Miranda Beverly-Whittemore's novel "June" and Robin Wasserman's novel "Girls on Fire" are set nearly 40 years apart, but both tackle the same central questions of female adolescence and the intense, all-consuming relationships that can swallow teen girls whole. As both books come out in paperback this week, the authors spoke to each other about girlhood past and present, coming of age in small-town America, and their experiences writing about girls and women in a world hostile to both.

Miranda Beverly-Whittemore: Robin, the whole time I was reading about Dex and Lacey, your titular girls on fire, I was thinking about other incendiary girl pairings in books I've loved — including in the work of Megan Abbott (whom we both love) — and also the best friends in my own most recent novel, "June." I'd love to hear how these girls became your story.

Robin Wasserman: Thanks for kicking this off with an easy one! The answer is absurdly simple: These girls became my story because these girls have always been my story.

For whatever reason — maybe because I'm an only child — I was obsessed with having a best friend from the moment I learned there was such a thing. And the "best friends" I collected over my childhood and teen years all fit the same general type: strong-willed girls looking for someone to boss around. It was a pattern I fell into — flung myself into — over and over again. These bright, stubborn, outspoken girls who exuded an energy I couldn't imagine in myself, who could become not just my defenders, but also my excuse. Sometimes that meant an excuse for timidity — who needed to speak when they could speak for me? But more often, they were an excuse for some wildness of my own. An excuse to unleash the self I kept so carefully buried. These girls offered me plausible deniability: I could tell the world, and more importantly, myself, that whoever I seemed to be, I was only a reflection of the girl by my side.

"Girls on Fire" was born from these friendships and from the years afterward I spent trying to puzzle them out. I knew what I was getting from these girls, but what were they getting from me? What were we generating between the two of us, these new selves that could only exist because someone else believed in them?

I was surprised, when I first read your novel, to discover how much our stories had in common, and the intense, uneven connection between two girls is at the top of this list. "June" is your second novel in a row to tackle this dynamic — in both books, there appears to be a leader and a follower, one with power and one without, but in each, you gradually complicate these relationships so that on any given page neither we nor the girls are quite sure of the ground they're standing on.
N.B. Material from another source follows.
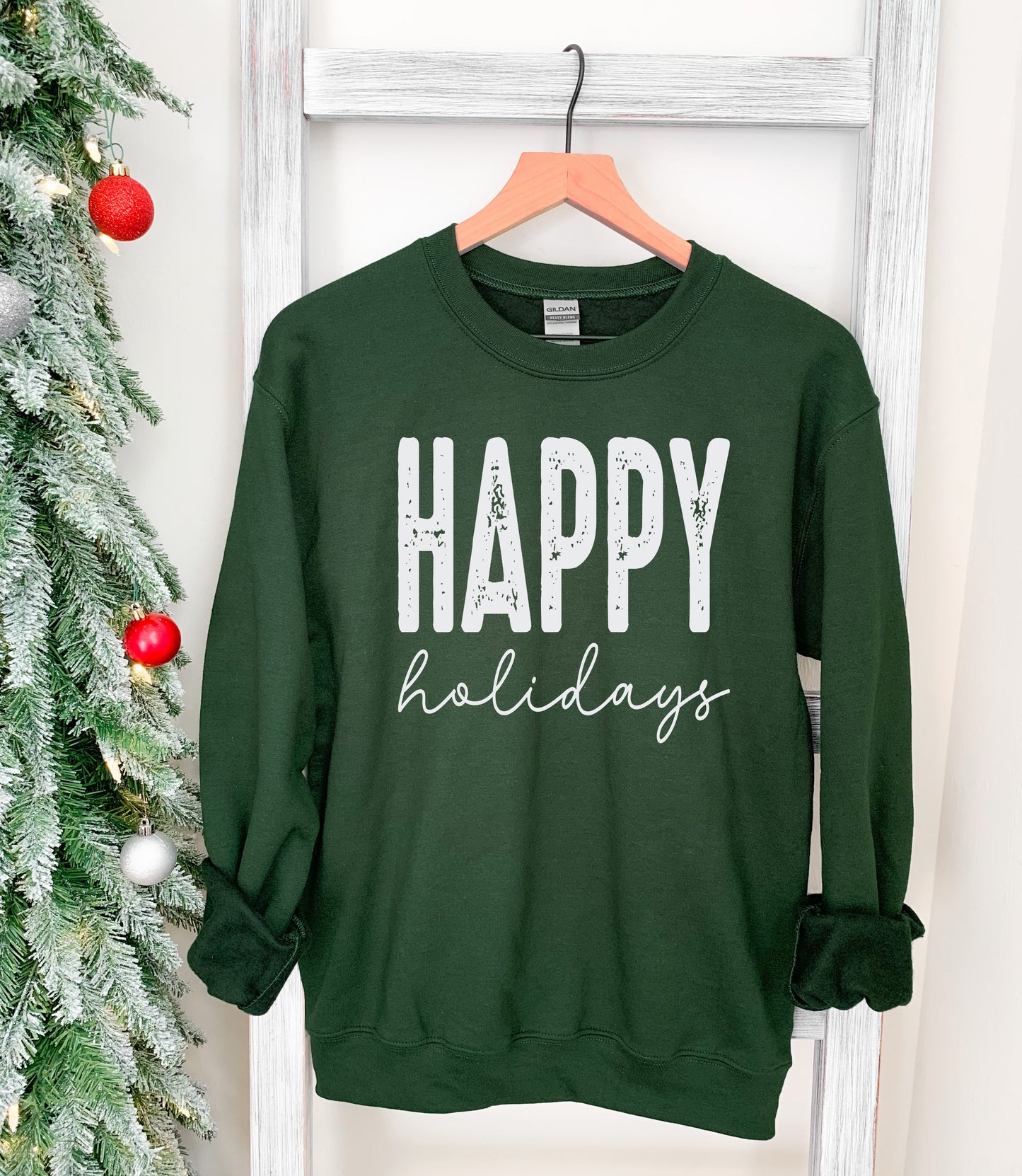 Happy Holidays Shirt – Minimal Christmas Tee – Festive Script Design – Holiday Season Gift Idea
Why investigate this kind of friendship? And is the friendship in "June" in conversation with the friendship in "Bittersweet?" Did you end "Bittersweet" with more questions than you began it (as is often the way), and write "June" partly to answer them?
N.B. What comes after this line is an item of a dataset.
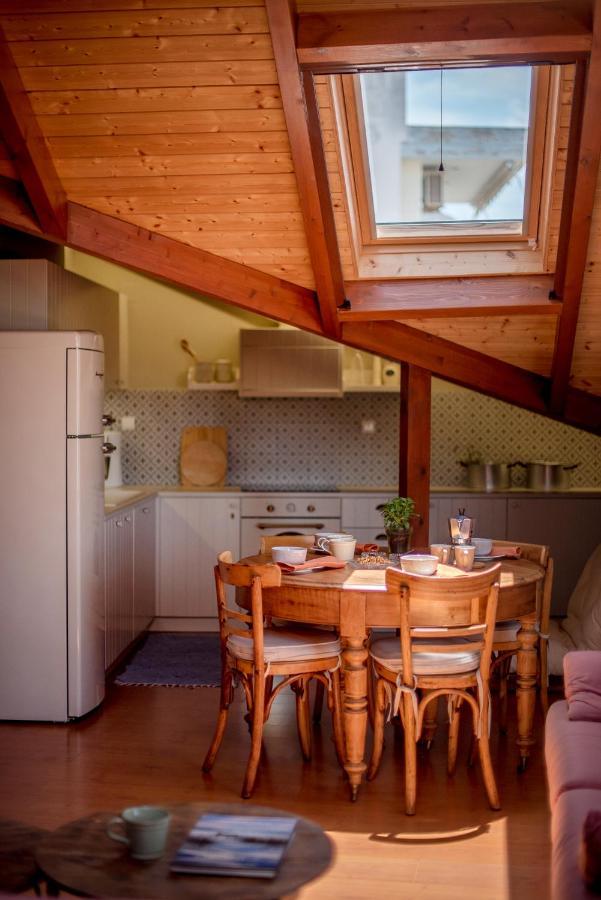 Country Style Attic In The Heart Of Preveza Apartment Exterior photo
Beverly-Whittemore: When I was writing "Bittersweet," and people would ask me what it was about (my pat response was "best friends, one plain, one gorgeous; imagine how that turns out"), I was amazed to discover how many women were compelled to speak of a best friendship in their past. These were stories rife with passion, betrayal, heartbreak or need. Most were located in girlhood, and most didn't have a boy in sight; I was so intrigued that I started a (now defunct) web project called Friendstories.com as a place to collect them. There's a deep fascination in many of us about a past self that could exist only because someone else believed in her. I think for many girls, pairing up young is excellent practice for surviving the heartbreak, and navigating the rules, of future love affairs.
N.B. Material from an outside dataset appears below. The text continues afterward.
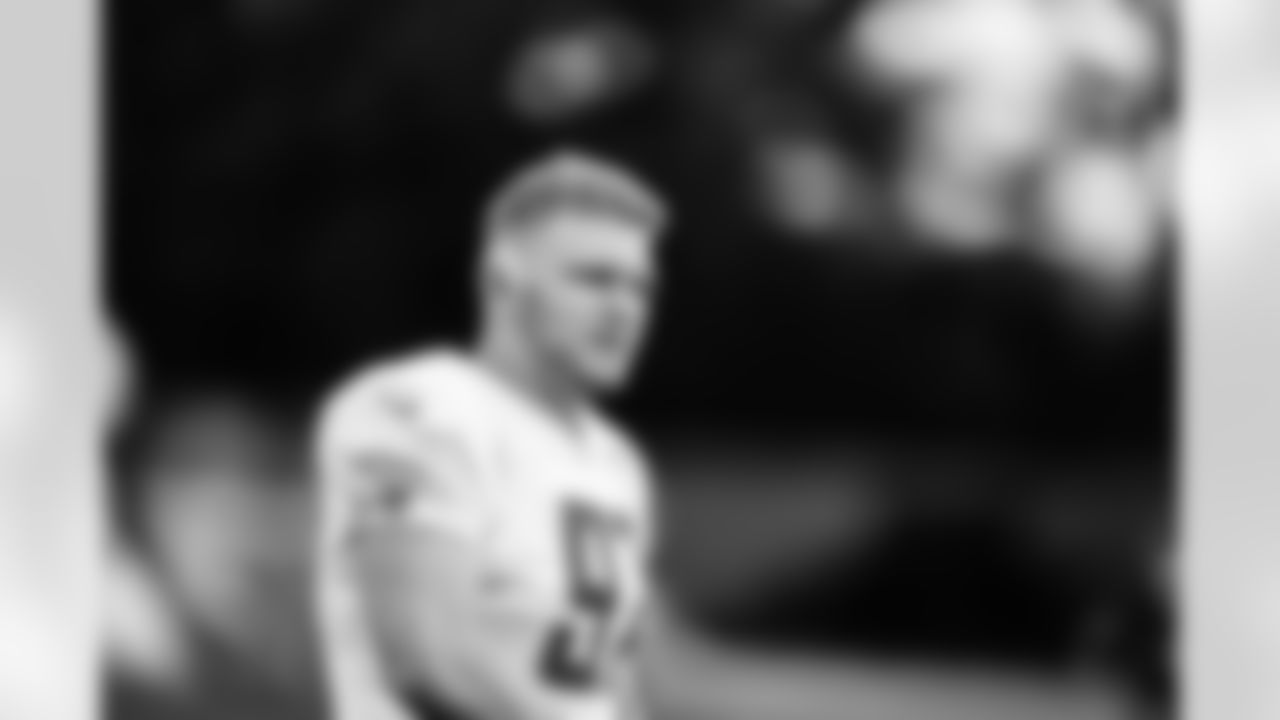 Detroit Lions defensive lineman Aidan Hutchinson (97) during practice at the Lions Training Facility in Allen Park, MI on August 23, 2022. (Jeff Nguyen/Detroit Lions)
That's one big difference between the best friends in "Bittersweet" — Mabel and Ev — and the ones in "June" — Lindie and June. While Mabel has an obsession with Ev’s glamorous lifestyle and seemingly perfect family, she doesn't want to fuck her, but Lindie lusts for “good girl” June (although since they live in the 1950s in Ohio, she has a hard time naming these natural feelings for what they are). Lindie and June make unexpected sacrifices for each other; since Lindie knows she can’t have June, she does the next best thing, which is to set June up with a man she believes is good enough for her, a man whom June ultimately gives up to save Lindie.

This brings me to the very real subject of sex, and how that plays out in both of our books. How do these friendships change when sex and desire and power enter the mix? And boys, lord, what about the boys?

Wasserman: Earlier this year I found myself on a panel, going on and on (as I tend to do on panels) about how one of the true joys of writing "Girls on Fire" was exploring an adolescent landscape that was — like my own — almost completely unconcerned with boys and sex. I got so wrapped up in this rhapsody that it fell to the moderator to remind me that the novel is actually filled with — or at the very least, revolves narratively around — much sex and at least one boy. (Although in fairness to me, the boy spends most of the book dead.)

It's not so much that I forgot, it's that for me, the beating heart of the narrative is the relationship between these two girls to the exclusion of all else. Where sex and desire do enter the mix, it was important to me that it feel, if not secondary to, then continuous and organically emerging from, the friendships. What's the word for a love that's not romantic but also not purely platonic, for something so all-consuming it dissolves boundaries of both flesh and selfhood? That's the space I wanted to inhabit: a friendship between two girls who want to own every piece of each other, who want not just ownership, but inhabitance — to crawl inside each other’s skin. To merge into one.

Beverly-Whittemore: Yes, my sister and I call this an "I want to eat her" friendship. I, too, was a kid who had serial, kindred best friends, from the time I was four through high school (when my best friend put a love note in my locker every single day), and even into college (a friendship that went down in flames, but unexpectedly rose like a phoenix once we became moms). I love how you describe it: "to merge into one," because that's really what it does feel like; slipping into a new skin shared with a beloved, a safe space in which you never have to be alone. And yet, it always ends, that era. You end up outgrowing each other, shedding each other, in one way or the other.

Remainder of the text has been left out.